Mais le communiqué du Saint-Siège fait aussi apparaître une concession visiblement destinée à amadouer les traditionalistes, pour qui certains textes conciliaires sur la liberté religieuse et l'œcuménisme sont l'œuvre de l'Antéchrist (Satan). Le "Préambule doctrinal" laisse "ouvertes à une légitime discussion l'étude et l'explication théologique d'expressions ou de formulations particulières présentes dans les textes du concile Vatican II et du magistère qui a suivi", selon un communiqué du Vatican.

De quoi inquiéter tous les libéraux de l'Eglise qui craignent que cette phrase recouvre à terme la remise en cause de certains acquis conciliaires, alors que la Fraternité Saint-Pie X se déchaîne notamment contre les rencontres interreligieuses. Interrogé, le père Lombardi, rappelant l'attachement maintes fois exprimé par le pape au concile, a jugé que des éléments de ces documents de Vatican II restent "essentiels" à la doctrine catholique, et ne peuvent donc être mis en discussion.

Le 14 août, à l'université d'été de Saint-Malo, Mgr Fellay avait parlé des deux ans de confrontation comme d'un "tournoi où deux chevaliers croisent le fer, s'élancent, mais passent à côté l'un de l'autre". La foi "passe avant une reconnaissance par l'Eglise", avait-il proclamé. "Si nous sommes d'accord sur un point, c'est que sur aucun point nous ne sommes d'accord ! Si leur objectif reste toujours l'acceptation du concile par la Fraternité, les discussions ont été assez claires pour montrer que nous n'avons pas l'intention de nous engager dans cette voie", avait-il ajouté, dénonçant le "venin" des progressistes.
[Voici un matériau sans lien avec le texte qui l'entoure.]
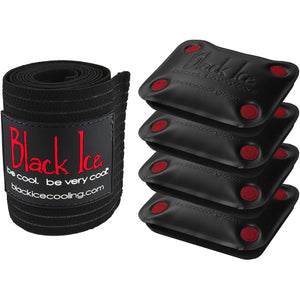 Black Ice cooling wrap with four rectangular cooling packs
Il avait admis le risque d'une réintégration dans l'Eglise d'un mouvement qui a fait de la protestation sa raison d'être : "Si Rome nous reconnaissait, ce serait encore plus dur que maintenant." Mgr Fellay s'était encore vanté que la Fraternité, fondée par l'évêque français Marcel Lefebvre, ait mené des "croisades" ayant permis ces dernières années d'obtenir du pape l'autorisation de la messe en latin et la levée des excommunications de ses évêques schismatiques.